**TASK INSTRUCTIONS**: Copy out the lines of the listing from the one containing "this 640×480 image." onward, through the last, without altering any.

**DATA SHOWN**:
§
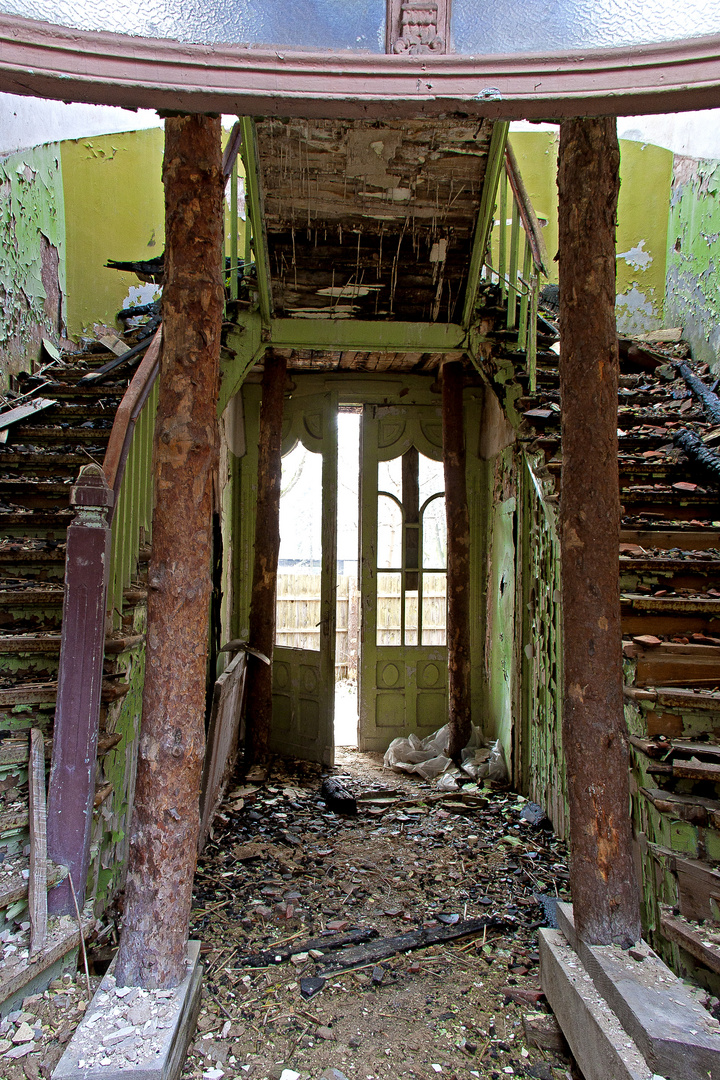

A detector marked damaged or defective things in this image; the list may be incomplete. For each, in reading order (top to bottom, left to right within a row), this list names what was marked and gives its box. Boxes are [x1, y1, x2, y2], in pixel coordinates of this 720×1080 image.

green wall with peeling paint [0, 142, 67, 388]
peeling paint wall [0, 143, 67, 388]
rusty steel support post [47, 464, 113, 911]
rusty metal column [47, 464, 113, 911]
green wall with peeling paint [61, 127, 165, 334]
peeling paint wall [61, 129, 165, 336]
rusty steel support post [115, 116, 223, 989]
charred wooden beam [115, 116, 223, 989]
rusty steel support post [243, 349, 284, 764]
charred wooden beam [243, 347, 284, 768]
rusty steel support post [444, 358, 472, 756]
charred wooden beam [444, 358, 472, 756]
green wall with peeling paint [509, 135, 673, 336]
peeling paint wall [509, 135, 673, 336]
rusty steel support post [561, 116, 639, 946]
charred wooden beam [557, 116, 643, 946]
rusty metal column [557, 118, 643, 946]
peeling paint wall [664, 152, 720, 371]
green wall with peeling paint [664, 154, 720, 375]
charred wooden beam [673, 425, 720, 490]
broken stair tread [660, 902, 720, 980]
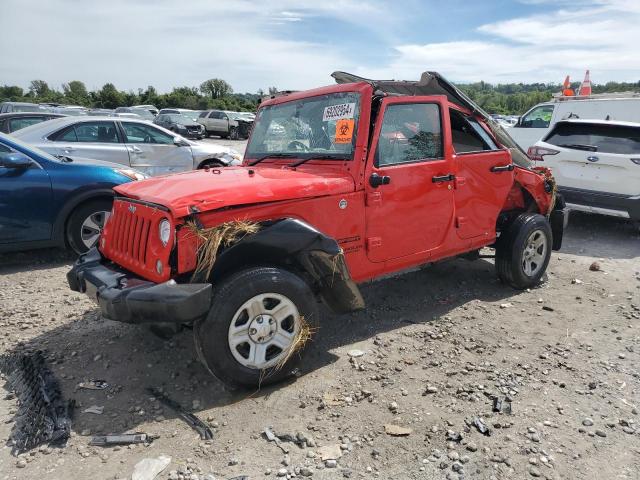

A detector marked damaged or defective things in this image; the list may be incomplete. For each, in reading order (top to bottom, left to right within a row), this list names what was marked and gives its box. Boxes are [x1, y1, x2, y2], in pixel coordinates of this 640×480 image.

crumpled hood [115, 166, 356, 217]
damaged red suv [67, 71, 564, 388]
§
**ANSWER BOX**:
A detector marked damaged or defective things in this image; the list may be incomplete. For each, in reading order (top to bottom, left to right within a row), this list names what was marked and gives its box. Boxes are [x1, y1, x2, y2], in pixel coordinates of this 640×480 image.

crumpled hood [115, 166, 356, 217]
damaged red suv [67, 71, 564, 388]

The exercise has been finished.